I Love You Phillip Morris is a Jim Carrey movie, no doubt about it, and it’s a good one too. With his manic glare, ferociously eager smile, kinetic body language and talent for instant self-transformation, Carrey has rarely been more charismatic on the screen.
It is the real-life story of con artist, impostor, and multiple prison escapee Steven Jay Russell, as played by Carrey. While incarcerated, Russell falls in love with his fellow inmate, Phillip Morris (Ewan McGregor). After Morris is released from prison, Russell escapes from prison four times to be with Morris.
Because it is unabashedly a sexually forthright gay love story, I Love You Phillip Morris is also transgressive by Hollywood standards. From the moment Steven meets the title character, a gentle blond Southerner with whom he falls in love at first sight, he is obsessively head-over-heels and will do anything to be with this man. The film is blunt about the mechanics of gay sex. A star vehicle whose first gay erotic moment shows Carrey engaged in loud anal sex is simply not main stream.
Call Me By Your Name (2017)
Brokeback Mountain (2005)
Classic. Robbed of an Academy Award for Best Picture (Ang Lee won Best Director).
Keep The Lights On (2012)
Pride is an account of the real-life 1984-85 alliance between the London fundraising group Lesbians And Gays Support The Miners (LGSM) and the people in the small town of Onllwyn in Wales. But, like many other nostalgic films, Pride has the future in mind. It is a thoroughly engaging, goofy, heartfelt, inspiring movie.
Pride is a spirited tribute to join-up activism during an era of profound Conservatism. If it had been fiction, the story would have seemed hackneyed: a city versus country culture clash tale. Pride takes place over exactly a year, set against Britain’s last grasp at popular Socialism and the rise of AIDS panic and outright homophobia.

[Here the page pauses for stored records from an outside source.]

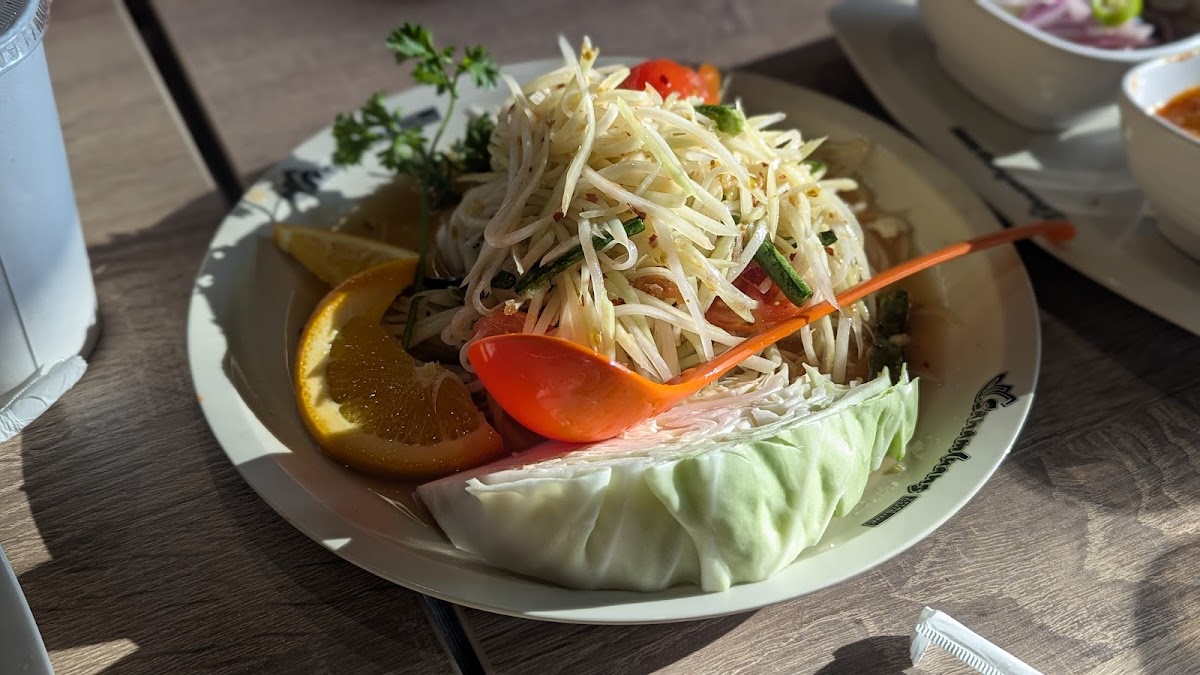 Sanamluang Cuisine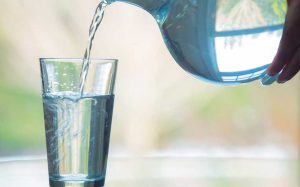 Uống đủ nước phòng ngừa viêm niệu đạo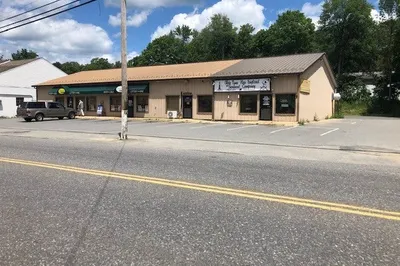 2290 Main St 1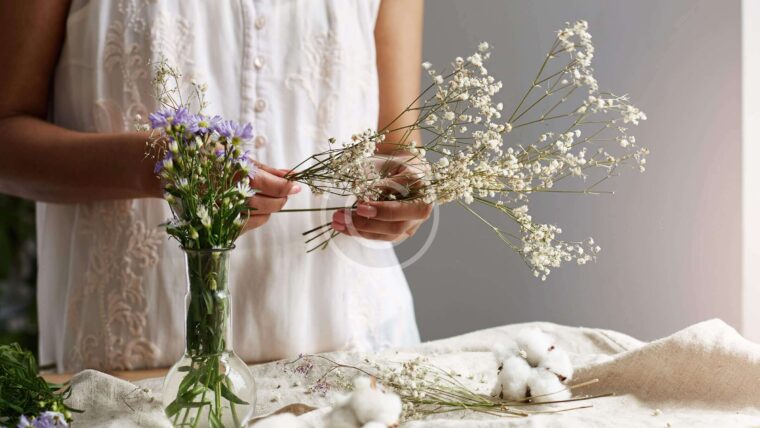 How to Make A Macramé Plant Hanger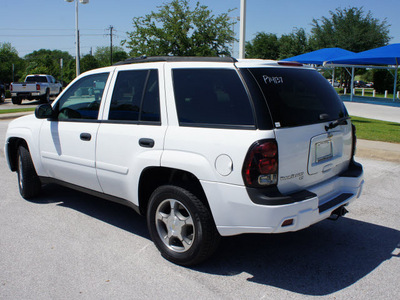 chevrolet trailblazer 2008 white suv ls gasoline 6 cylinders 4 wheel drive 4 speed with overdrive 76206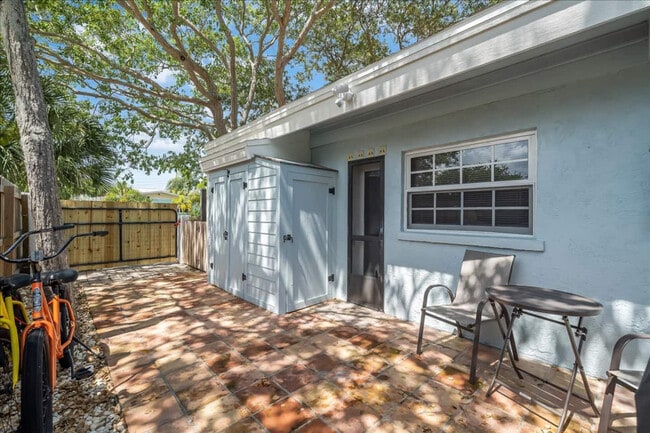 Building Photo - 408 Harrison Ave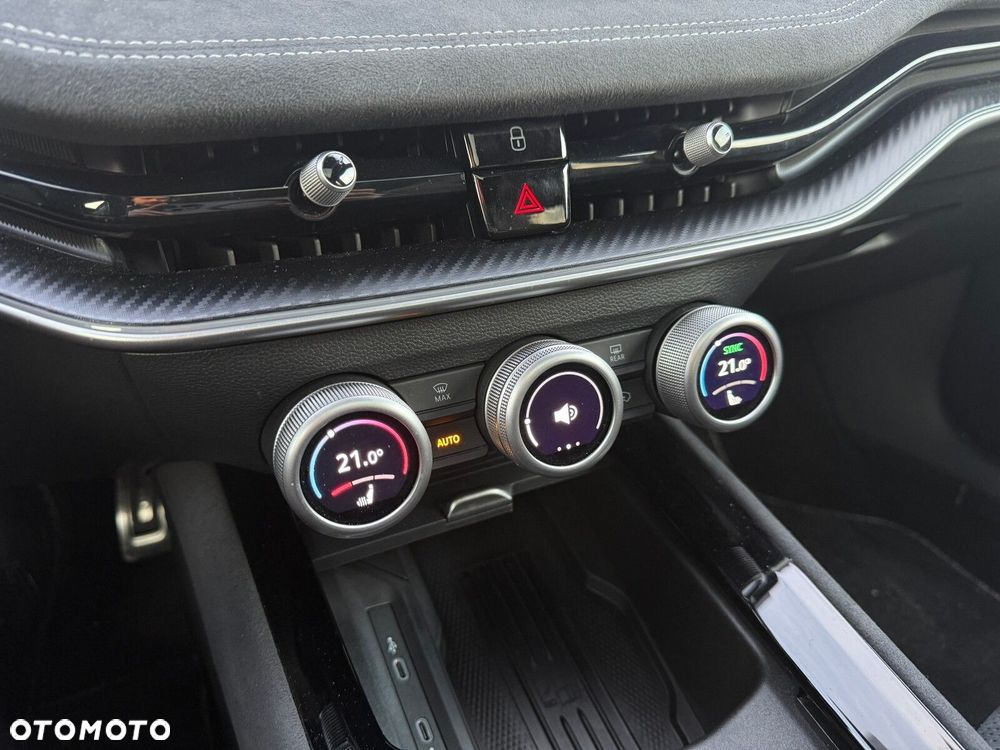 Skoda Superb 2.0 TSI Sportline DSG - 20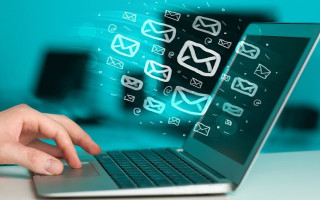 Особа не зареєстрована у Електронному суді: чи є належним врученням судового рішення його направлення на особистий email — позиція ВП ВС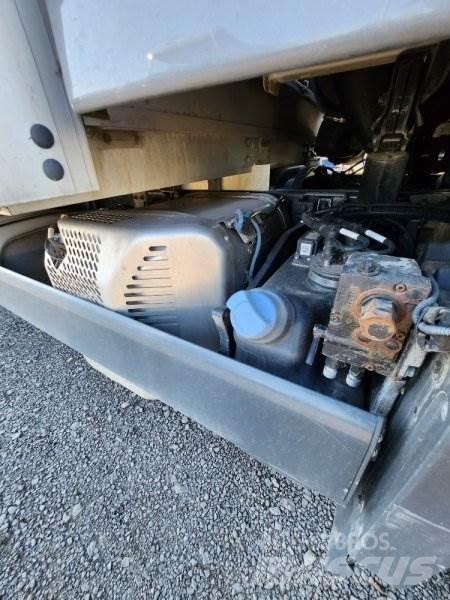 MAN TGL 8.220 Flatbed/Dropside trucks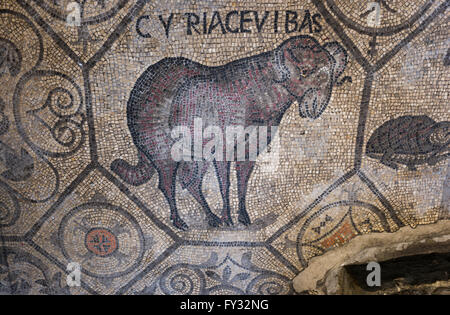 Frühe christliche Mosaikboden mit tierischen Symbolik, 4. Jahrhundert, romanische Basilika, Aquileia, Provinz Udine ausgesetzt Stockfoto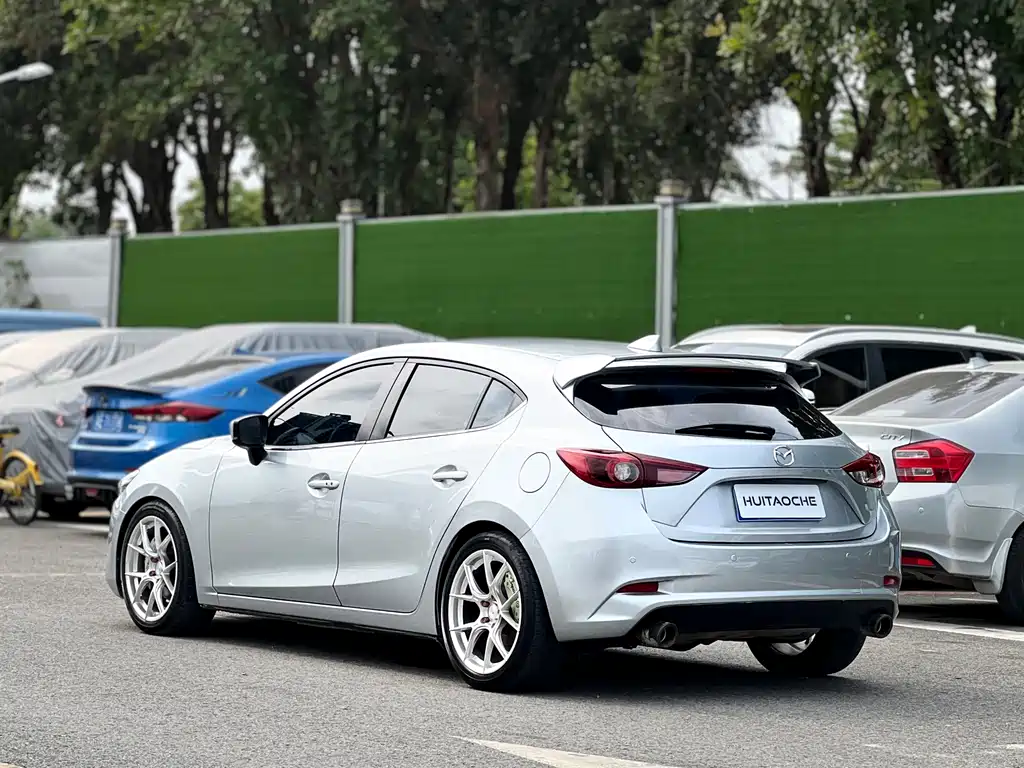 Mazda 3 Axela 2018 — фото 14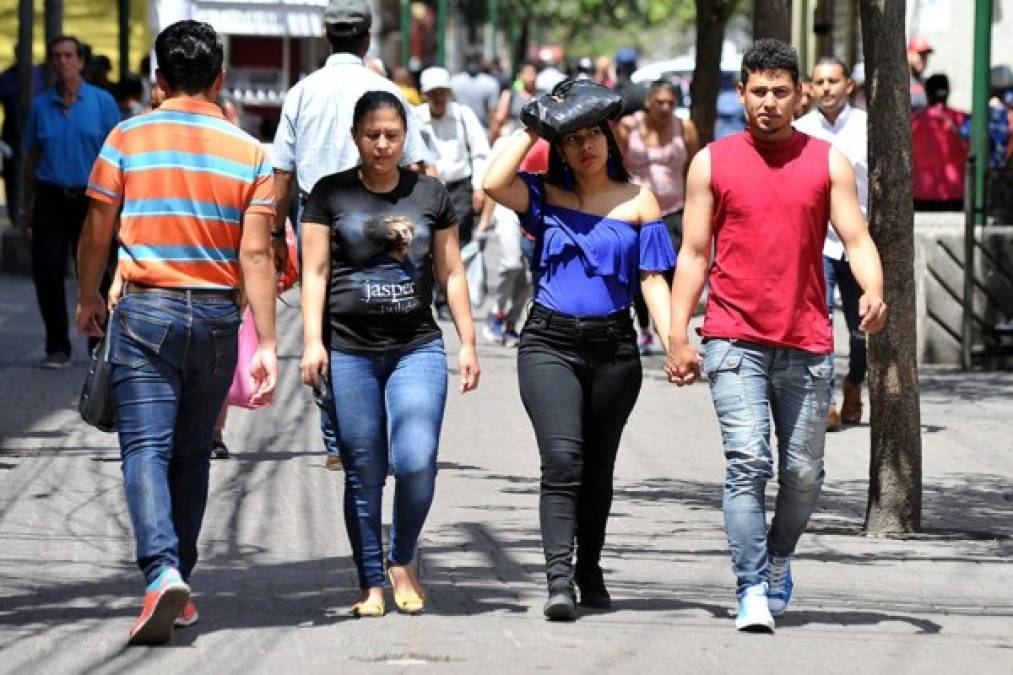 El Gobierno anunció la medida en cadena nacional a las 4:00 pm; sin embargo el departamento de Choluteca y el municipio de La Ceiba ya se habían adelantado. Las alcaldías de ambos lugares, dieron a conocer en horas de la tarde que decretaban toque de queda para evitar que los ciudadanos siguieran desobedeciendo la ordenanza.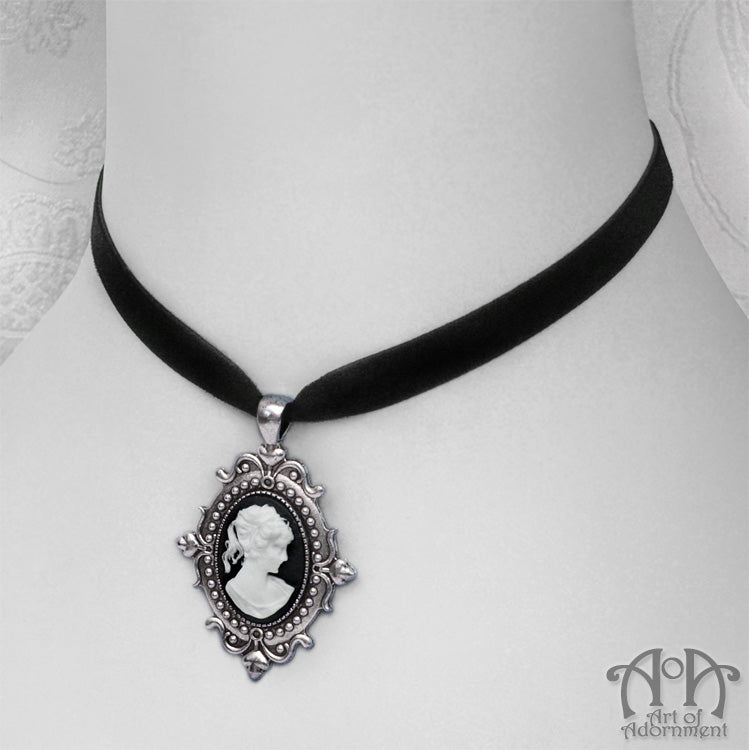 Luminosa Cameo Black Velvet Pendant Choker Necklace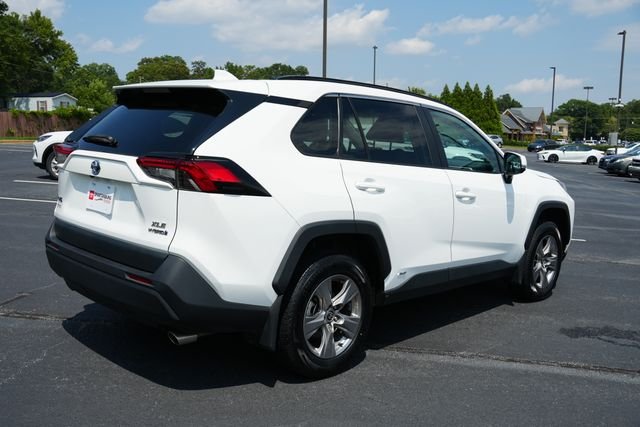 Used 2024 White Toyota XLE image 8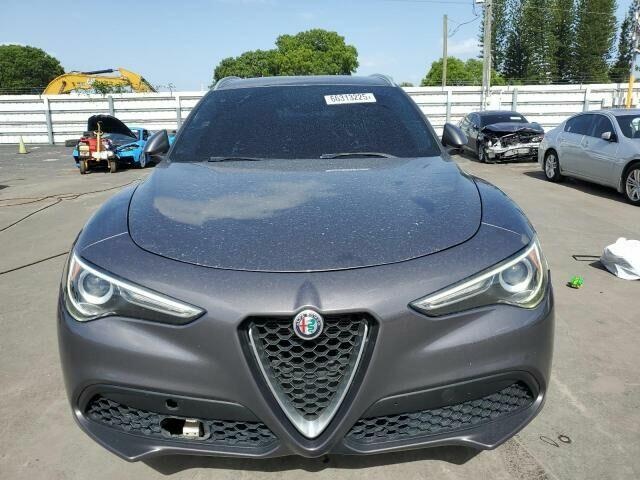 Alfa Romeo Stelvio AWD 2018 2.0 benzyna 280km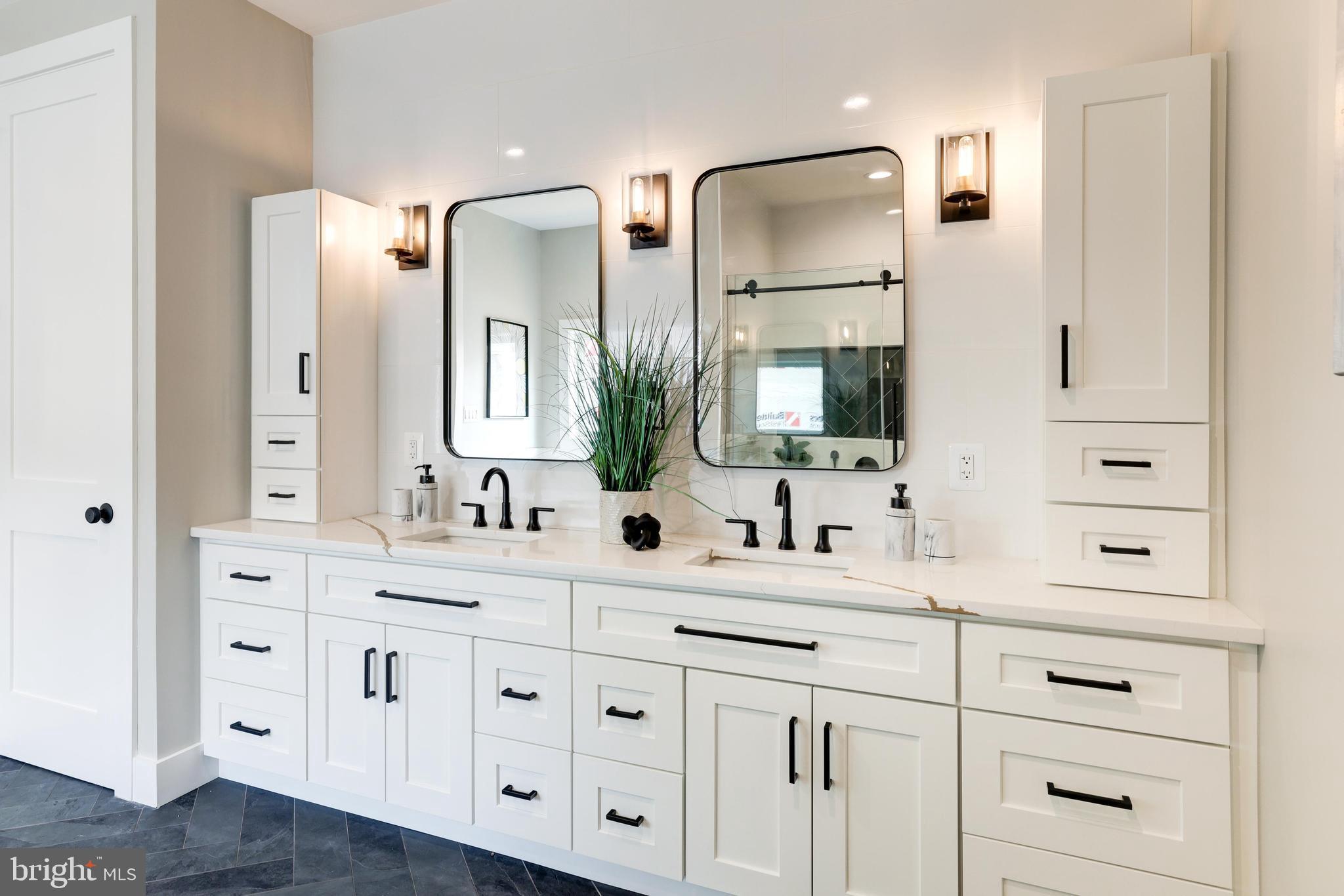 PIMMIT HILLS - Residential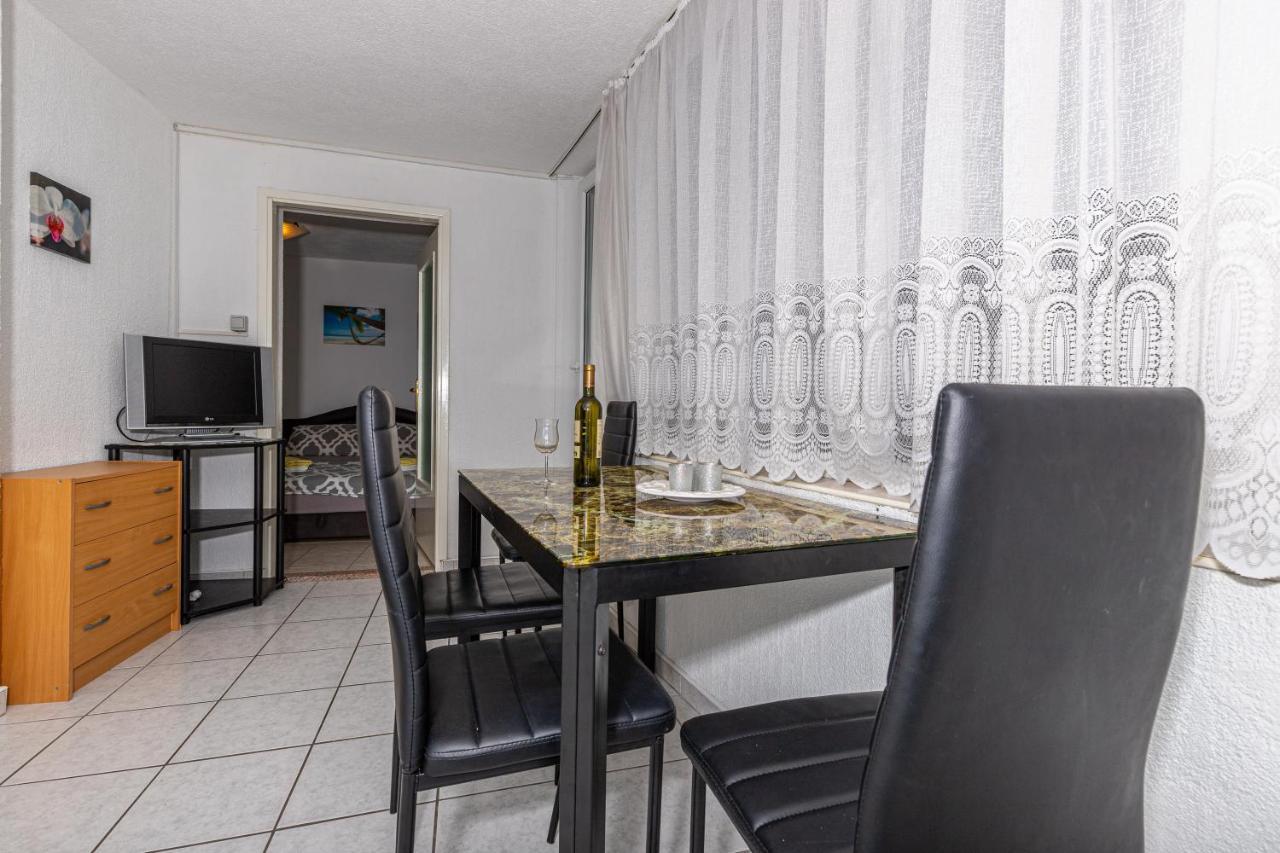 Apartmani Gabrijela Crikvenica Eksteriør bilde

Its director, Matthew Warchus presents the film in a straightforward, simple style, with moments of handheld camera suspense, and a rousing soundtrack of pop and traditional music, nudging emotions, but also bringing a smart sense of the 1980s period.
See Dominic West and Andrew Scott kiss!
Blue Is The Warmest Color (2014)
Because I dig girl-on-girl action. Karen Pence‘s favorite queer film. Dirty. Beautiful.
God’s Own Country (2017)
God’s Own Country is Call Me By My Name‘s dark doppelgänger. Director/writer Francis Lee‘s feature debut is set on a working-class farm in grim Northern England with miserable Johnny, played by Josh O’Connor, falling for a hunky Romanian migrant worker (Alec Secareanu). Johnny’s father, who has had a stroke, has disdain for his son, and his grandmother only gives him a chilly reserve. Johnny self-medicates via anonymous sex with strangers and by getting blackout drunk. It will undoubtedly be compared to Brokeback Mountain, except this one has a happy ending.
Tropical Malady (2004)
Love, Simon (2018)
Everyone deserves a great love story, even, or especially teenagers. Love, Simon is a funny and heartfelt coming-of-age story about the thrilling ride of finding yourself and falling in love. Its sheer warmth, openness, likability and idealism won me over. It is a “John Hughes” movie for our age and the first mainstream studio release to put a closeted teen front and center.